═══ Dataset entries ═══
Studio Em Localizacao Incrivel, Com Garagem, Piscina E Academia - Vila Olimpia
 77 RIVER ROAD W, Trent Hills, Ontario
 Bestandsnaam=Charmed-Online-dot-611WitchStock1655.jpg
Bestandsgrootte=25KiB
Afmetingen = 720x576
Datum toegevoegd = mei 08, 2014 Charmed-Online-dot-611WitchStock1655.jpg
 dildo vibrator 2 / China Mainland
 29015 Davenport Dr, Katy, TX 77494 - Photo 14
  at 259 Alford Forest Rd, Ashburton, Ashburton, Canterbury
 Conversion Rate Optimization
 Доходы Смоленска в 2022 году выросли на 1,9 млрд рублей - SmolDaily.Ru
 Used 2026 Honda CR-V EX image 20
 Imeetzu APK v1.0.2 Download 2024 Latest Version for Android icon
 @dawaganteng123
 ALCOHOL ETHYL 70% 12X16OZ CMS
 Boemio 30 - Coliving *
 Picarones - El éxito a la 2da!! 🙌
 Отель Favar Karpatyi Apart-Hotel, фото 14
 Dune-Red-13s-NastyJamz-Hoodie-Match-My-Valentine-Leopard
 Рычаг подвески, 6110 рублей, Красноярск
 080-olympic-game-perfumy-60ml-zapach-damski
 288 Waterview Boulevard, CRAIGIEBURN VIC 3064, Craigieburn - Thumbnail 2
═══
What the task requires:
Select all lines in the listing that include the word "Online".

Result for this exercise:
 Bestandsnaam=Charmed-Online-dot-611WitchStock1655.jpg
Datum toegevoegd = mei 08, 2014 Charmed-Online-dot-611WitchStock1655.jpg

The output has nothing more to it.